U.S. Water News Online
BATON ROUGE, La. --The Capital Area Groundwater Conservation Commission has been awarded a grant to develop strategies to control saltwater encroachment in the "1,500-foot" sand, a major water supply aquifer of the Baton Rouge area.
The grant, administered by the Louisiana Department of Environmental Quality, includes 60 percent federal funding.
At present, a plume of salt water north of the Baton Rouge fault is approaching the Government Street pumping station in Baton Rouge where two public water supply wells are screened in the "1,500-foot" sand. Although groundwater moves slowly, with its velocity measured in feet per year, the saltwater encroachment is continuing to be a problem and the need for corrective action is immediate, according to groundwater commission officials.
A recently published report by the U.S. Geological Survey and the Louisiana Department of Transportation and Development (Water Resources Technical Report No. 59) predicts the salt water will reach the public supply wells in a few years.

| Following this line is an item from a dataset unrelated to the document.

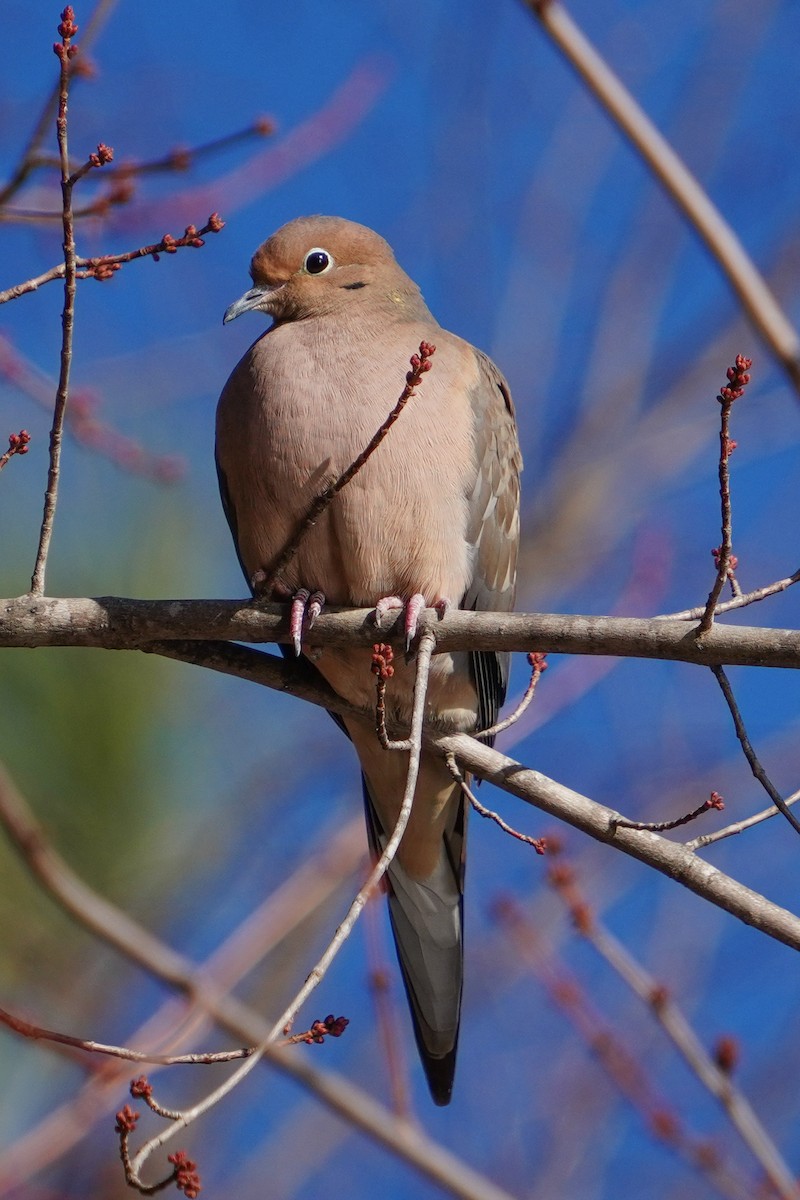 Mourning Dove - ML646124216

The saltwater remediation project will be conducted in two phases, including test drilling, and the construction and development of wells to connect the "800-foot" and "1,500-foot" sands.
The first phase of the project will include the installation of an observation well in the "800-foot" sand to determine its water quality and aquifer characteristics. If the water qualities of the "800-foot" and "1,500-foot" sands are compatible, the "800-foot" sand will be used as the source of recharge for the "1,500 foot" sand.

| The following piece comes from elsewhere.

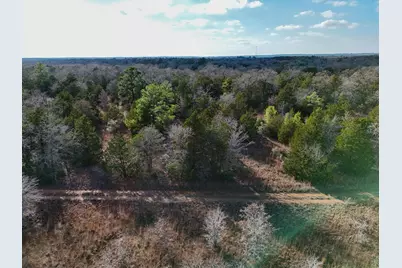 Lot 3 South Old Potato Road, Paige, TX 78659 - Photo 3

This phase of the project is critical because the source water must have a quality that would not adversely affect the quality of water in the "1,500-foot" sand, according to local officials.
The second phase will involve the construction of connector wells between the two sands. The hydraulic head difference (about 100 feet) between the sands will allow groundwater to flow directly from the "800-foot" to the "1,500-foot" sand. The hydraulic head buildup imposed on the "1,500-foot" sand would extend outward concentrically and act as a barrier against the movement of salt water toward the pumping wells.
The strategy calls for the connector wells to divert groundwater flow around the public supply wells, thus extending the length of time they can be pumped.